Coming into Rio, few people expected 31-year-old Michael Phelps, swimming in his fifth Olympics, to become the most decorated swimmer in this year’s games. With the swimming competition now completed, however, that’s exactly what transpired. Phelps finished with five gold medals (the most of any swimmer) and six medals overall (the most of any swimmer). (His other medal was a silver.)

That’s on top of Phelps’s having been the most-decorated swimmer in London in 2012 (four golds and six medals overall), in Beijing in 2008 (eight golds and eight medals overall), and in Athens in 2004 (six golds and eight medals overall). That degree of sustained dominance is literally unprecedented.


No other athlete in Olympic history has both dominated his sport so completely at his apex and maintained dominance over such an extended period of time. Phelps’s heroics in 2008 (eight golds) were arguably matched—or at least nearly so—by the likes of Jesse Owens in 1936 (four golds in track and field), Mark Spitz in 1972 (seven golds in swimming), Carl Lewis in 1984 (four golds in the same events as Owens), Eric Heiden in 1980 (five golds in speed skating, sweeping the sport’s five events), and Vitaly Scherbo in 1992 (six golds in gymnastics). But none of those extraordinary athletes had the success that Phelps had in a second Olympic Games, let alone a third and a fourth.

It is surely easier to amass large numbers of medals in swimming than in, say, track and field. Swimmers can swim multiple strokes at multiple distances, and swimming offers three opportunities to medal in relays. Yet even if one were to discount swimming’s gold medals by half—presumably an overcorrection—and then round down (giving Phelps credit for 11 golds, instead of the 23 he actually won), Phelps would still have more gold medals than any other athlete in Olympic history. He is pretty clearly the greatest Olympic athlete of all time.

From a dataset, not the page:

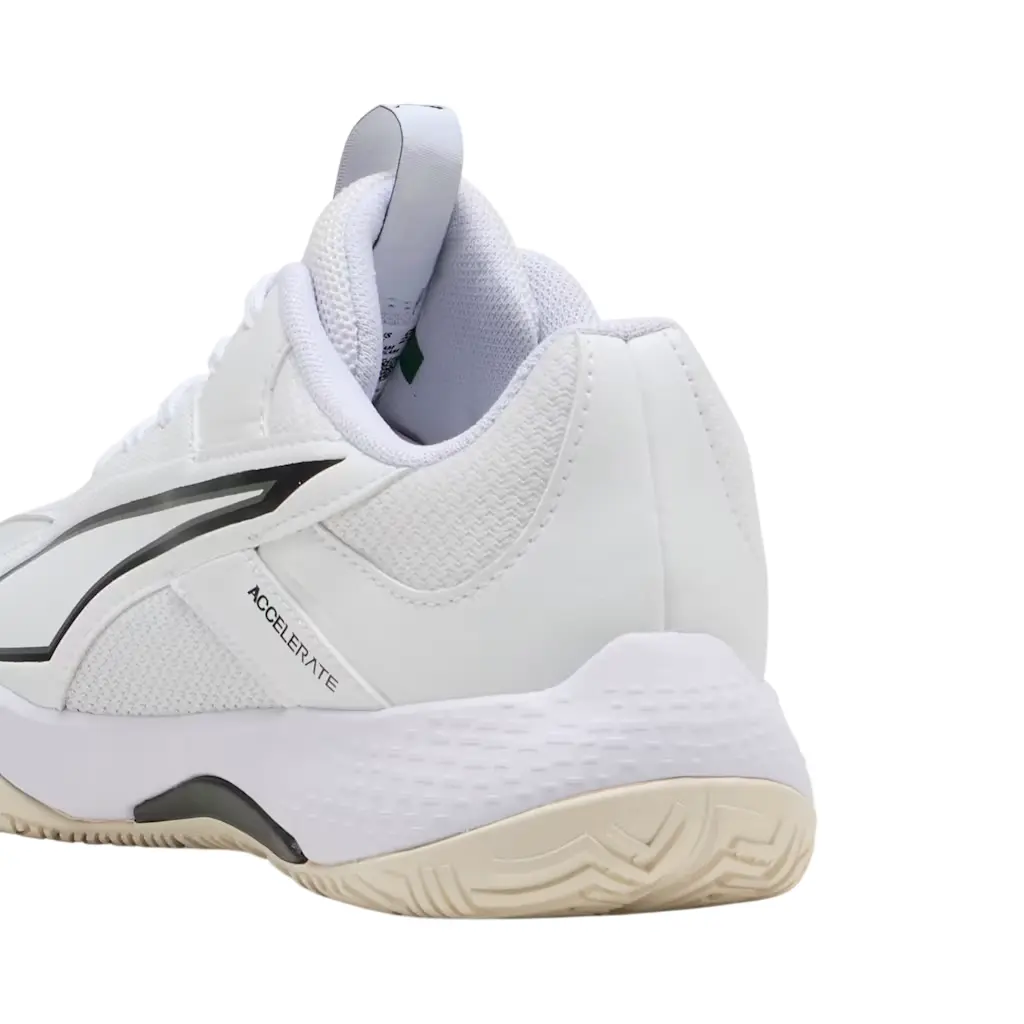 Puma Accelerate Jr 5 Handballschuhe weiß Kinder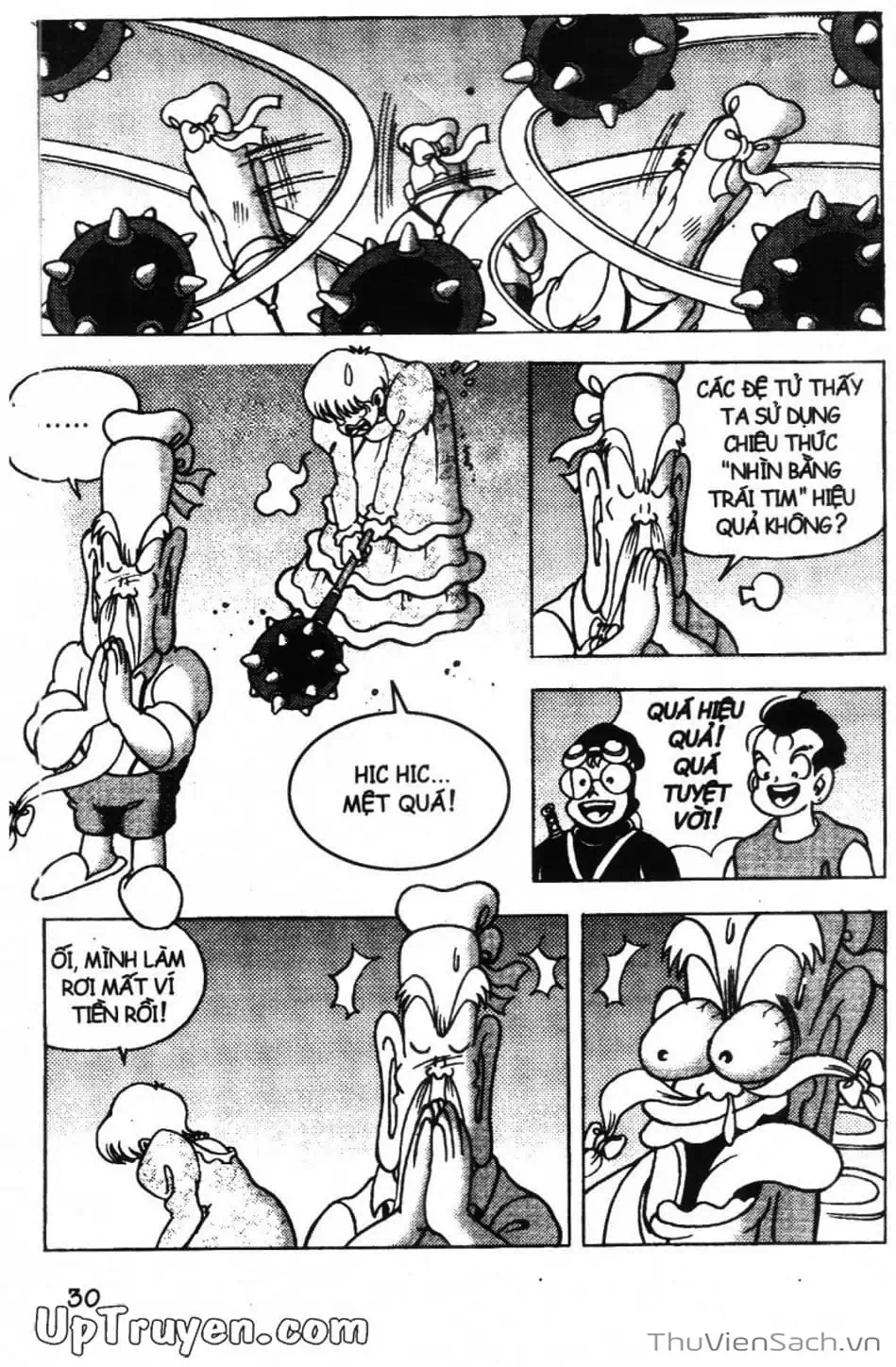 Truyện Tranh Đội Quân Nhí Nhố trang 3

Here is one last glimpse of Phelps in the pool, as he dominates the 200-meter individual medley, perhaps the preeminent event for establishing the best all-around swimmer in the world. Those of us who have lived in the Phelps era have been given a historic treat, as he has been a joy to watch and root for. Hat’s off to Michael Fred Phelps, the Baltimore Bullet, winner of 23 gold medals and 28 medals overall for the U.S.A.